Background: Chronic pain is a prevalent health concern in the United States (US) and a frequent reason for patients to seek primary care. The challenges associated with developing effective pain management strategies can be perceived as a burden on the patient-provider relationship.
Objective: This study explored the relationship between patients' overall satisfaction with their primary care providers (PCPs) and their satisfaction with their chronic pain treatment, as well as the provider behaviors that contributed to chronic pain patients' satisfaction with their PCPs.

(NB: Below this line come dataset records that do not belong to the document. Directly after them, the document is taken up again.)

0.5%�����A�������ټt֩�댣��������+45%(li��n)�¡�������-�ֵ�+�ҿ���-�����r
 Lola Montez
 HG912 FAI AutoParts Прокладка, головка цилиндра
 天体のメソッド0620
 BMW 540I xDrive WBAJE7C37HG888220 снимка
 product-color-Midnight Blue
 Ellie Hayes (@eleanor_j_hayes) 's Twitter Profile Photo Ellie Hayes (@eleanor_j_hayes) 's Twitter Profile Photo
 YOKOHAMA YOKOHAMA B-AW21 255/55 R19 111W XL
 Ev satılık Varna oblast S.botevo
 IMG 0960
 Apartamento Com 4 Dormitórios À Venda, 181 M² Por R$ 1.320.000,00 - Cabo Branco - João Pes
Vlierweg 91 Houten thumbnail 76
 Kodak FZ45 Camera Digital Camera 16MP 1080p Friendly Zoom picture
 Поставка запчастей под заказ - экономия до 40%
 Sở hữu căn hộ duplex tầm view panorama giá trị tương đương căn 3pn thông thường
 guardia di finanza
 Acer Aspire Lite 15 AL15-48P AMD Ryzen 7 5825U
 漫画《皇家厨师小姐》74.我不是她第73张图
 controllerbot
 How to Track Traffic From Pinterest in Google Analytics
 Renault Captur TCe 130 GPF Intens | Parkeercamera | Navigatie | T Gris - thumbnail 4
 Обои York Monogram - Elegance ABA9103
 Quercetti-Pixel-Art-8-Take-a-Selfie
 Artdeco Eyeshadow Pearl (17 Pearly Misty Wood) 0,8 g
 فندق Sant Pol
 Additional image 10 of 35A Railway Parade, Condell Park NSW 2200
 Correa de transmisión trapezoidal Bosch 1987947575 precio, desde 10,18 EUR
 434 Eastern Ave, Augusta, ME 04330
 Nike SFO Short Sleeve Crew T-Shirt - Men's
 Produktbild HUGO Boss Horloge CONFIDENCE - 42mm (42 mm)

Design: Concurrent nested mixed-methods design PARTICIPANTS: 97 patients with chronic pain who were assigned to the usual care arm of the Pain Program for Active Coping and Training (PPACT) study.
Approach: We analyzed phone interview and survey data (n = 97). Interviews assessed provider behaviors that led to patient satisfaction. Interview transcripts were analyzed based on a content analysis approach. Survey responses assessed patient satisfaction with primary care and pain services. We calculated a Pearson's correlation coefficient using five response categories.
Key results: Interviews revealed that high satisfaction with primary care was driven by five concrete PCP behaviors: (1) listening, (2) maintaining communication with patients, (3) acting as an access point to comprehensive pain care, (4) providing an honest assessment of the possibilities of pain care, and (5) taking time during consultations with patients. In surveys, participants reported higher satisfaction with their primary care services than with the pain services they received; these variables were only moderately correlated (r = 0.586).
Conclusions: Results suggest that patients with chronic pain can view the relationship with their PCPs as positive, even in the face of low satisfaction with their pain treatment. The expectations that these patients held of PCPs could be met regardless of providers' ability to successfully relieve chronic pain.
Keywords: chronic pain; mixed methods; primary care relationship; treatment satisfaction.